==== Material to process

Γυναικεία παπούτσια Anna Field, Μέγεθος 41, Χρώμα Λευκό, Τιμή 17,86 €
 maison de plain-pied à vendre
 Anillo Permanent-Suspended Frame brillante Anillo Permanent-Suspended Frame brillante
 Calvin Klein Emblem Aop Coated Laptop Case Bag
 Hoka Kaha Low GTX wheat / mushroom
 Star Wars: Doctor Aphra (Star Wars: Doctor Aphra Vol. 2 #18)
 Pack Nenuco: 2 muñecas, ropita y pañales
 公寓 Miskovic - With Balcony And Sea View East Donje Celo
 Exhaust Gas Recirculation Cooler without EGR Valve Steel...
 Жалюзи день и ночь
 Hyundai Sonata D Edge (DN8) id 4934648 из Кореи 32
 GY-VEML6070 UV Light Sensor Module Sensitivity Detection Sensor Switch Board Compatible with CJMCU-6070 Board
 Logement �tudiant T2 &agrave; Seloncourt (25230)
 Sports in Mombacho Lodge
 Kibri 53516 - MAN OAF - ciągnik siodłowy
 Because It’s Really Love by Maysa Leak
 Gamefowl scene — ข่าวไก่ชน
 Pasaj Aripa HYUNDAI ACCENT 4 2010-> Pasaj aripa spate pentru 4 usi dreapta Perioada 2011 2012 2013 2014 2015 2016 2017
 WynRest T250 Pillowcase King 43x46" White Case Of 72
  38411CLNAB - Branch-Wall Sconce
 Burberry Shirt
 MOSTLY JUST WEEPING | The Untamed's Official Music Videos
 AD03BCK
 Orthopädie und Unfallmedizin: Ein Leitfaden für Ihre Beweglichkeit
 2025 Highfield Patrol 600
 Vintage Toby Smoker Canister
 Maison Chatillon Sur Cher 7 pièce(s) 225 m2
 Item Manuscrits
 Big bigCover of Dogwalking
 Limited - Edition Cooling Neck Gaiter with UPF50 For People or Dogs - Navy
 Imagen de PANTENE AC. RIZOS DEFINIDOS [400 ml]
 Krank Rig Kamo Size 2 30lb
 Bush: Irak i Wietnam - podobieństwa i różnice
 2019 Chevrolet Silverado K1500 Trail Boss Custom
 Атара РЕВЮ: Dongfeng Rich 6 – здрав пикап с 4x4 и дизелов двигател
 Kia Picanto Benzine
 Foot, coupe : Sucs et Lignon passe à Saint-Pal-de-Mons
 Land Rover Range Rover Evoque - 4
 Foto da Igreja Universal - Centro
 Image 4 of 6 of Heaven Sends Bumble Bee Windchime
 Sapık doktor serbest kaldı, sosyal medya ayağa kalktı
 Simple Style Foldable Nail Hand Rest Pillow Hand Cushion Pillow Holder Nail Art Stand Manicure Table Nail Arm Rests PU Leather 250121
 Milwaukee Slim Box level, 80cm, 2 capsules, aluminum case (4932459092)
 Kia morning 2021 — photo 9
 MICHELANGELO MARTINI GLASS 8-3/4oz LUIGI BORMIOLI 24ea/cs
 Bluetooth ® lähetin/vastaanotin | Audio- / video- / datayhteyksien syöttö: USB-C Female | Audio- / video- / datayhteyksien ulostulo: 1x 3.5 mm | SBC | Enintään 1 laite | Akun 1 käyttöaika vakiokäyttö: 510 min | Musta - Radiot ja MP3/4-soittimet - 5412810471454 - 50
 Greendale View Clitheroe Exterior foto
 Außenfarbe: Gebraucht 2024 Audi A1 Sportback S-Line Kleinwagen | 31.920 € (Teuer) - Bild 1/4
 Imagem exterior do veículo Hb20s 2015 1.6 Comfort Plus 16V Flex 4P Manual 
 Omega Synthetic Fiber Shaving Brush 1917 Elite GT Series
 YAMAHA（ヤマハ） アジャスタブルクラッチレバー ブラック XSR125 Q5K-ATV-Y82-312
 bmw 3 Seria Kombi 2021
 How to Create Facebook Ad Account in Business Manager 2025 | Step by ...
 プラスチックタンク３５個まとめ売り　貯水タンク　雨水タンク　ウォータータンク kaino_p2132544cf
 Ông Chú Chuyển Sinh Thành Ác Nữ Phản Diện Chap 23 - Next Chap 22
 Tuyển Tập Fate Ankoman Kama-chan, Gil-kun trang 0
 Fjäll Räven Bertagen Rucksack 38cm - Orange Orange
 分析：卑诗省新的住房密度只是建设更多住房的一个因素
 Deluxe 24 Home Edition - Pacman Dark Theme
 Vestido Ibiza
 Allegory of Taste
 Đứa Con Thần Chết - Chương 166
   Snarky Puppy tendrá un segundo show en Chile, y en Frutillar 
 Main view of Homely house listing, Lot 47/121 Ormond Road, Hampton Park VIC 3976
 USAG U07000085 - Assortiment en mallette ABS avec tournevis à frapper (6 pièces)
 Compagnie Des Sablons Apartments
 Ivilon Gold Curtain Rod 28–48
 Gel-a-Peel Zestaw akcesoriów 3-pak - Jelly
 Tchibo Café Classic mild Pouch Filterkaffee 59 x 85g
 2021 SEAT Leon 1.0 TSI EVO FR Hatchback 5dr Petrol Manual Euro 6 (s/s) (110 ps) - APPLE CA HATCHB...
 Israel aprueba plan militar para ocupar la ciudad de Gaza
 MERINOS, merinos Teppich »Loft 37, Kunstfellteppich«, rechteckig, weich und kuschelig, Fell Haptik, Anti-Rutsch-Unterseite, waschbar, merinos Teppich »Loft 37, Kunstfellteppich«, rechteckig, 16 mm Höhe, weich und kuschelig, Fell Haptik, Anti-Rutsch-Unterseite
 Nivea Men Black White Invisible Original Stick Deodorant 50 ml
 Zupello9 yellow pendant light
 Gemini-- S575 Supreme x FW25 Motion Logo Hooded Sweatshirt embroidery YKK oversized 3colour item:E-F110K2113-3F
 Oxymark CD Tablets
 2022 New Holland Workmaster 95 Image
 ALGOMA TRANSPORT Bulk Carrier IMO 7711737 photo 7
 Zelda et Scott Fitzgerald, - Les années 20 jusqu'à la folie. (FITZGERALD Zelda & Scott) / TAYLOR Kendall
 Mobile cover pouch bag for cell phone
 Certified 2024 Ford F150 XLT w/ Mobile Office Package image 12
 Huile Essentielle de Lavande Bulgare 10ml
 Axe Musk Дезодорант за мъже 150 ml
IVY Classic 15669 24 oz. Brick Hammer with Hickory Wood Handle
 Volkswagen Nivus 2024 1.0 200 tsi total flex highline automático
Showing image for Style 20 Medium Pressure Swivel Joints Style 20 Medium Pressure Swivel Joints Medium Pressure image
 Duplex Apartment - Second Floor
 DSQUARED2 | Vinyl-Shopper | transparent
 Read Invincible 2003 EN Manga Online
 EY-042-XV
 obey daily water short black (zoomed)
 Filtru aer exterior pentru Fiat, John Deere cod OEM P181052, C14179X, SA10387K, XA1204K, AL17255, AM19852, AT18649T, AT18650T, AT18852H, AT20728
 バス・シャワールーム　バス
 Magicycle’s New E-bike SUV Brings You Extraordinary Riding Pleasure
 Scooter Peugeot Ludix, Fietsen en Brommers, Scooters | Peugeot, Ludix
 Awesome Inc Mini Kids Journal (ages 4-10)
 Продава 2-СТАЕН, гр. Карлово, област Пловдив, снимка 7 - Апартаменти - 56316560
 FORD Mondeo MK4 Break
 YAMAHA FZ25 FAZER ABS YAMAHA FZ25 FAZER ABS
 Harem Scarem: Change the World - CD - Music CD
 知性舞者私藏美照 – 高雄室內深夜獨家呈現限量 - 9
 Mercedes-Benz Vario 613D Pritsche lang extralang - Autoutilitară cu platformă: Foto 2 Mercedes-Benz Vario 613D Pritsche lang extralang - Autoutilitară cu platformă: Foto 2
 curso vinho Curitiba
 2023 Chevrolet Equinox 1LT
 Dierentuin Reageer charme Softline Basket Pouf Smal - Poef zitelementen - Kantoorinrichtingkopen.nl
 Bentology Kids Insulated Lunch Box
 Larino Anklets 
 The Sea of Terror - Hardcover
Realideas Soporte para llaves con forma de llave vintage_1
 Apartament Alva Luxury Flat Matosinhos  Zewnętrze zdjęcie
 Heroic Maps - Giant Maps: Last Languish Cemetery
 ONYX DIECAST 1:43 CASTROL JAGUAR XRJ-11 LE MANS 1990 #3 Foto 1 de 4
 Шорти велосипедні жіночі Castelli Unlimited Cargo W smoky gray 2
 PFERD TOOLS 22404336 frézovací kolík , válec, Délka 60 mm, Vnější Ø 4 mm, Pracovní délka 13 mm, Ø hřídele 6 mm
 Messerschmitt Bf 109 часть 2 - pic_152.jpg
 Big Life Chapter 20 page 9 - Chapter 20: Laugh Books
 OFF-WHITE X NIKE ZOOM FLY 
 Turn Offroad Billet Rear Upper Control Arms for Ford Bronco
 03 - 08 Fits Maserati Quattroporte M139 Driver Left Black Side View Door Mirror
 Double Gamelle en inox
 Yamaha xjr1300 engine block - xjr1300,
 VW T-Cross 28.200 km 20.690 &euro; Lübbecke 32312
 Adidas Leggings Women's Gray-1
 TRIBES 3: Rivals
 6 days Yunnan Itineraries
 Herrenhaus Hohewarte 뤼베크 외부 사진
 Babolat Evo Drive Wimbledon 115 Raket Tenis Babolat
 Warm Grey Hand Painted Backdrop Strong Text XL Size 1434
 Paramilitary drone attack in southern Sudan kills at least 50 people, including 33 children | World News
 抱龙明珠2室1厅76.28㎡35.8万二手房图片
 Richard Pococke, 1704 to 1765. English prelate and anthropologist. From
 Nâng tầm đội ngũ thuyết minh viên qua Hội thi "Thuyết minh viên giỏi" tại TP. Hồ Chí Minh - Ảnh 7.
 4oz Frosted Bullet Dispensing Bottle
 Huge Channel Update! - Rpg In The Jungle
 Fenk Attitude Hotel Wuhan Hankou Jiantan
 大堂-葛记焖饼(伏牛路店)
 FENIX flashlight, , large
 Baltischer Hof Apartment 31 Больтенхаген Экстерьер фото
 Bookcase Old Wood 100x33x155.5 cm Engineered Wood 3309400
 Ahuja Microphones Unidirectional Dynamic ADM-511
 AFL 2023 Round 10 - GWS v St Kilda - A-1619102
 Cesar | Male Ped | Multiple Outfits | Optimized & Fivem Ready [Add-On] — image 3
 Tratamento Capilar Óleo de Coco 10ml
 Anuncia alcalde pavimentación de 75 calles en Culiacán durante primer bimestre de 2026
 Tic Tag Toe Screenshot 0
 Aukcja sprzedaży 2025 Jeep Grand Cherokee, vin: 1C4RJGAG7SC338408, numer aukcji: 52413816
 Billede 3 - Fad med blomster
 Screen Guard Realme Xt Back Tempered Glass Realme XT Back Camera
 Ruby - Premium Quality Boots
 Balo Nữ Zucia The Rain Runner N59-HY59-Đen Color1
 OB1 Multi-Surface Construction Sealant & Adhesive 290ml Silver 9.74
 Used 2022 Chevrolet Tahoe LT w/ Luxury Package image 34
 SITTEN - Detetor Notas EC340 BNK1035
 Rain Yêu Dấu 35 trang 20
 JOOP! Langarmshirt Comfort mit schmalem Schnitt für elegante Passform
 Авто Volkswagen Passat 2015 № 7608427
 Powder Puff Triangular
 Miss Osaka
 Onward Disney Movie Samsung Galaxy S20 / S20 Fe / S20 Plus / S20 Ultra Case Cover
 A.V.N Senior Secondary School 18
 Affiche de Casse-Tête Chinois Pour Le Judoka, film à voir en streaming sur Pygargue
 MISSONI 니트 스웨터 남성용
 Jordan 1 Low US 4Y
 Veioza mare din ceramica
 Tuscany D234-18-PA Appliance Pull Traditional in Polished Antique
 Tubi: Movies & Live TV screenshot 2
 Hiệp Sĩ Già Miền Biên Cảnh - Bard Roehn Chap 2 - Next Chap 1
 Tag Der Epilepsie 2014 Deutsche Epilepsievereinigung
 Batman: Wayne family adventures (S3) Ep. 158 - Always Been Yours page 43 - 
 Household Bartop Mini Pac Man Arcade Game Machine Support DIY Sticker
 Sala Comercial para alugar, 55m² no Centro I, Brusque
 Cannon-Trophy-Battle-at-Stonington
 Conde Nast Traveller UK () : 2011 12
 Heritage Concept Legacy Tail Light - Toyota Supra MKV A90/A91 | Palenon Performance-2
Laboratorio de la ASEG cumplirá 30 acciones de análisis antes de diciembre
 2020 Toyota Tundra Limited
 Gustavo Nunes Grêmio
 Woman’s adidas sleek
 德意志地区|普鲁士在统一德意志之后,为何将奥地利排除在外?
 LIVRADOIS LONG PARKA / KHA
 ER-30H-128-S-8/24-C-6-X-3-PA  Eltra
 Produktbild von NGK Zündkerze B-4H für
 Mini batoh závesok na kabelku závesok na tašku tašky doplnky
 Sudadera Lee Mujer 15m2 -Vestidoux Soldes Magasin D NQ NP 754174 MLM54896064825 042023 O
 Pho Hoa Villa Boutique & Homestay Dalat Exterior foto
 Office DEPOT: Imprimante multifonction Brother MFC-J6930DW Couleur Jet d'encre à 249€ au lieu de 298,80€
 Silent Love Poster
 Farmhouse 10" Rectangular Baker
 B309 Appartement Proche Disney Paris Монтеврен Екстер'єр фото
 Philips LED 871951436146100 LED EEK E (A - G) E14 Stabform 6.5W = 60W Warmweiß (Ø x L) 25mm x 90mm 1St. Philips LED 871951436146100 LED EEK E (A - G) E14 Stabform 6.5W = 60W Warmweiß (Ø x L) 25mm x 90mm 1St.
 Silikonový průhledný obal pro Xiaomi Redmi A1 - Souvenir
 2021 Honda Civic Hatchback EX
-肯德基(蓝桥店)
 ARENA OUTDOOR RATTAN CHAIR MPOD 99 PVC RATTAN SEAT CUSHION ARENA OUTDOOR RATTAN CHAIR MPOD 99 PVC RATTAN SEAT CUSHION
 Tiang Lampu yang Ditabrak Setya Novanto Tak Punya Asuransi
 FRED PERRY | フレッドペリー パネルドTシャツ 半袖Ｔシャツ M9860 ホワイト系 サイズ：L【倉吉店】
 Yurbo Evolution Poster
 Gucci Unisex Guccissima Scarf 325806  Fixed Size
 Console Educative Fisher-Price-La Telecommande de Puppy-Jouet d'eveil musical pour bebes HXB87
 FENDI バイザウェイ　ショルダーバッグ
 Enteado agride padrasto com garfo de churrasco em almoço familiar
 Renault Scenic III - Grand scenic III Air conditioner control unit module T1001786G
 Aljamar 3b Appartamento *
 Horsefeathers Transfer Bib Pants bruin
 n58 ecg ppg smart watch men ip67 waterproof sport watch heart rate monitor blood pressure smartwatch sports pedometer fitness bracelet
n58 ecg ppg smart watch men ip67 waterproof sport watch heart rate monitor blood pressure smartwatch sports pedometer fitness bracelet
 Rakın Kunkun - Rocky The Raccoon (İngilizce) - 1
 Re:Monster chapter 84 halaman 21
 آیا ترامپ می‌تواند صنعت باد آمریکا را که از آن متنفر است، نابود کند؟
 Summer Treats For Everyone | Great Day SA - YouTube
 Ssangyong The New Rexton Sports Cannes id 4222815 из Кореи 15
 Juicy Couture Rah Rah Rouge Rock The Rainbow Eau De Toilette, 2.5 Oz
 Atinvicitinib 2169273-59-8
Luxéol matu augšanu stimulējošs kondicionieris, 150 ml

========

What you have to do:
Repeat exactly the lines above from the one with "Foto da Igreja Universal - Centro" up to and including the one with "Vestido Ibiza". No other line belongs in the reply.

Written solution:
 Foto da Igreja Universal - Centro
 Image 4 of 6 of Heaven Sends Bumble Bee Windchime
 Sapık doktor serbest kaldı, sosyal medya ayağa kalktı
 Simple Style Foldable Nail Hand Rest Pillow Hand Cushion Pillow Holder Nail Art Stand Manicure Table Nail Arm Rests PU Leather 250121
 Milwaukee Slim Box level, 80cm, 2 capsules, aluminum case (4932459092)
 Kia morning 2021 — photo 9
 MICHELANGELO MARTINI GLASS 8-3/4oz LUIGI BORMIOLI 24ea/cs
 Bluetooth ® lähetin/vastaanotin | Audio- / video- / datayhteyksien syöttö: USB-C Female | Audio- / video- / datayhteyksien ulostulo: 1x 3.5 mm | SBC | Enintään 1 laite | Akun 1 käyttöaika vakiokäyttö: 510 min | Musta - Radiot ja MP3/4-soittimet - 5412810471454 - 50
 Greendale View Clitheroe Exterior foto
 Außenfarbe: Gebraucht 2024 Audi A1 Sportback S-Line Kleinwagen | 31.920 € (Teuer) - Bild 1/4
 Imagem exterior do veículo Hb20s 2015 1.6 Comfort Plus 16V Flex 4P Manual 
 Omega Synthetic Fiber Shaving Brush 1917 Elite GT Series
 YAMAHA（ヤマハ） アジャスタブルクラッチレバー ブラック XSR125 Q5K-ATV-Y82-312
 bmw 3 Seria Kombi 2021
 How to Create Facebook Ad Account in Business Manager 2025 | Step by ...
 プラスチックタンク３５個まとめ売り　貯水タンク　雨水タンク　ウォータータンク kaino_p2132544cf
 Ông Chú Chuyển Sinh Thành Ác Nữ Phản Diện Chap 23 - Next Chap 22
 Tuyển Tập Fate Ankoman Kama-chan, Gil-kun trang 0
 Fjäll Räven Bertagen Rucksack 38cm - Orange Orange
 分析：卑诗省新的住房密度只是建设更多住房的一个因素
 Deluxe 24 Home Edition - Pacman Dark Theme
 Vestido Ibiza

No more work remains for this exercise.